PROBLEM DESCRIPTION: Within the material below, filter for lines that hold the word "Property".

SOURCE MATERIAL:

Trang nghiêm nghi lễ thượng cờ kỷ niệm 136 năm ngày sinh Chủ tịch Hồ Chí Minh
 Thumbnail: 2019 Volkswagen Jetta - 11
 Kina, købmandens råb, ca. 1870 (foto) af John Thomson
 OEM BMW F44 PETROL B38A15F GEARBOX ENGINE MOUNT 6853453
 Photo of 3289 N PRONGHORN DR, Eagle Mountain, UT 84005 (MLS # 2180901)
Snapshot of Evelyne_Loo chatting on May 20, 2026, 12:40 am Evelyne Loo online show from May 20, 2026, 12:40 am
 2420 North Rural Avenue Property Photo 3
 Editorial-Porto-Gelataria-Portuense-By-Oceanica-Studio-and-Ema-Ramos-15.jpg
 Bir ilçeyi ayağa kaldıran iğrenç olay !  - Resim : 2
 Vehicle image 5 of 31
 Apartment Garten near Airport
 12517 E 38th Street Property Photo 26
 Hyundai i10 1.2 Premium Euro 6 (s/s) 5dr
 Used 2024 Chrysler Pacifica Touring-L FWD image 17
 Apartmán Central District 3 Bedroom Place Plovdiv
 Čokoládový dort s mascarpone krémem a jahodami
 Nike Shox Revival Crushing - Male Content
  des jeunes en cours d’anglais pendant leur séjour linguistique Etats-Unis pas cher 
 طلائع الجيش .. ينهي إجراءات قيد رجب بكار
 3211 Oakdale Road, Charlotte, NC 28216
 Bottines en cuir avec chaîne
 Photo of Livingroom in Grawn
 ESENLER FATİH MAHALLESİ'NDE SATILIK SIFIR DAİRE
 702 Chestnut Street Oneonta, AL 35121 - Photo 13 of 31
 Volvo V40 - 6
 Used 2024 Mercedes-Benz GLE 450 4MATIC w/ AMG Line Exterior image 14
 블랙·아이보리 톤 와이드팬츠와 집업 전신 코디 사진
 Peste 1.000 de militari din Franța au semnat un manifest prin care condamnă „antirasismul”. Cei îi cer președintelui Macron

WRITTEN RESPONSE:
 2420 North Rural Avenue Property Photo 3
 12517 E 38th Street Property Photo 26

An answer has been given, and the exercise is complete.